Upon that date, appellant, engine foreman of a switching crew) consisting of an engineer, fireman, and two switchmen, was at work in the yard. As a switchman and later as a foreman he had had eight or. nino years’ experience there. The crew was of course subject to his direction, and its duties were to switch cars in the yard upon orders received by appellant from the yard office.
It is appellant’s contention that appellee furnished him an unsafe place to work, in that it left the cinder car too near the old track. We think that the rule requiring the master to furnish a safe place has no application. Appellant was fully acquainted with the method of handling the cinder car, and he could not assume that it would always clear, for it frequently did not. The probability that the cinder car would stop too near the old track was generally known, and for this very reason appellant was charged, not only by the rule and custom, but by positive orders, with the safety of the situation. He testified as follows:
“A. I never saw it, unless it was in the clear.
“Q. 243. Haven’t you gone in there, yourself, and moved it closer down there for loading; anyway you knew it was your duty for the protection of the property, the protection of yourself and your men, it was your duty to ascertain whether the ears were in the clear, or not? A. Never found them out of the clear. The rules say, ‘Keep them, in the clear’ and we would do it.
“Q. 244. I will ask you if that same question was asked you before and if you didn’t answer you did know it was your duty under the rules to ascertain whether cars were in the clear and you did know you had to put them in the clear if they were not? A. The rule was to put them in the clear and we do.

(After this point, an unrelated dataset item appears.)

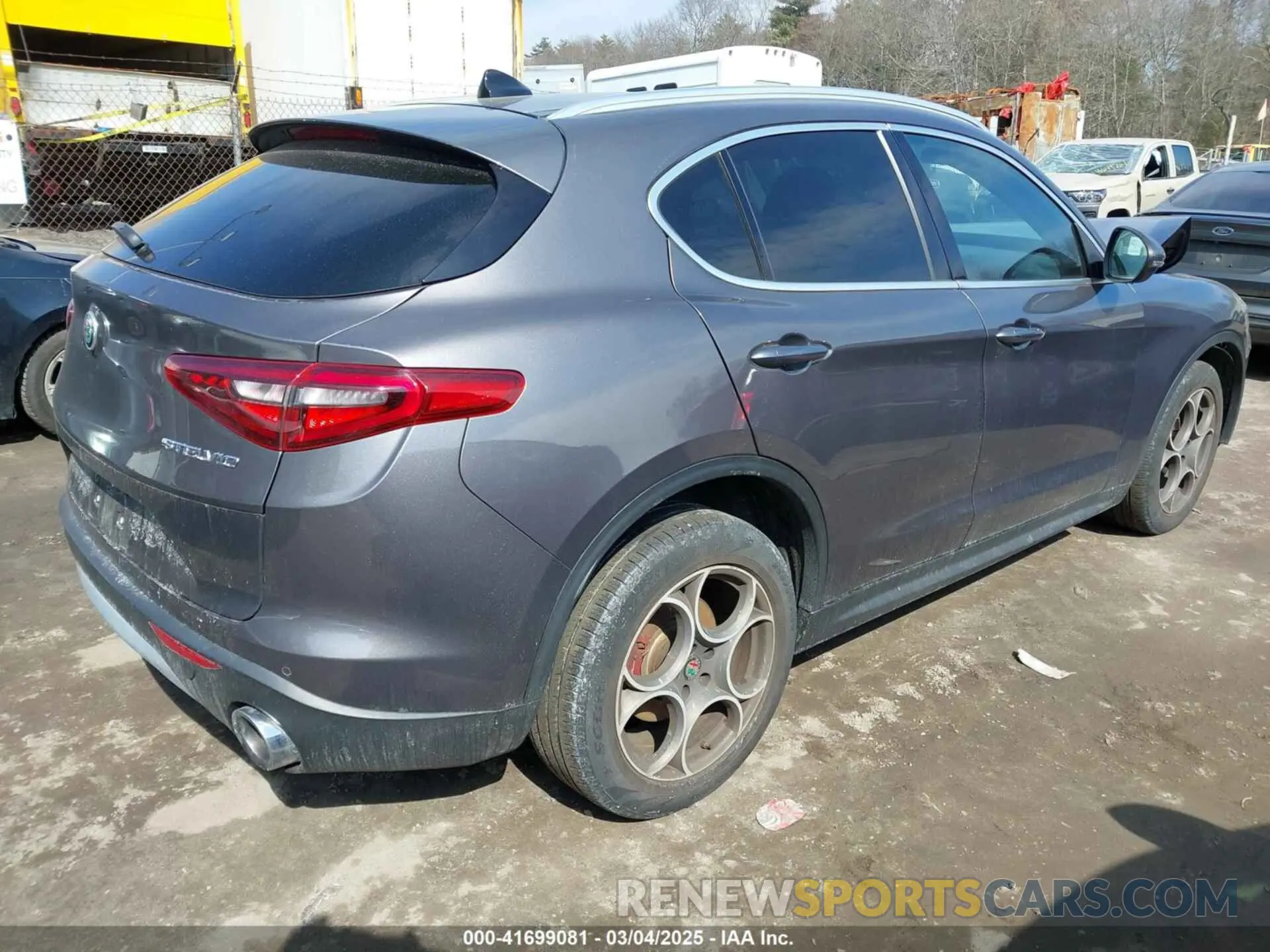 4 Photograph of a damaged car ZASPAKAN2K7C32358 ALFA ROMEO STELVIO 2019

“Q. 245. You understood the rule applied to all switchmen, and especially foremen, to ascertain whether in the clear or not, and if not, to put thorn in the clear? A. Yes.

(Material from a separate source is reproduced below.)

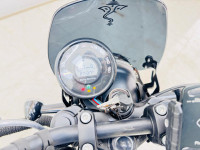 Dapper Grey Royal Enfield Hunter 350 Retro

“Q. 246. I asked you just now, if you, yourself, as switchman, prior to your becoming engine foreman, if you hadn’t shoved it in the clear? A. I have shoved it back here where it would clear a man.”
When a servant is charged by the terms of his employment with the duty of keeping his working place safe or of making a dangerous working place secure, there is no basis for liability against the master, for the rule requiring him to furnish a reasonably safe place is not operative. The master may not justly be charged with failure to perform a duty which the servant has expressly or impliedly assumed. The risk arising from such a situation must be classified among those ordinarily incident to the employment. See Narramore v. Cleveland, C., C. & St. L. Ry. Co., 96 F. 298, 301, 48 L. R. A. 68 (C. C. A. 6); Chesapeake & O. R. Co. v. Hennessey, 96 F. 713, 717 (C. C. A. 6); Dasher v. Hocking Mining Co., 212 F. 628, 632 (C. C. A. 6); American Bridge Co. v. Seeds, 144 F. 605, 613, 11 L. R. A. (N. S.) 1041 (C. C. A. 8); Finalyson v. Utica Mining & Milling Co., 67 F. 507, 510 (C. C. A. 8); Atchison, T. & S. F. By. Co. v. Wyer, 8 F.(2d) 30, 32 (C. C. A. 8).
The judgment of the District Court is affirmed.
“There should be sufficient clearance between cars left on side tracks, and tracks adjoining, to prevent injury to persons who may be on the sides of cars.”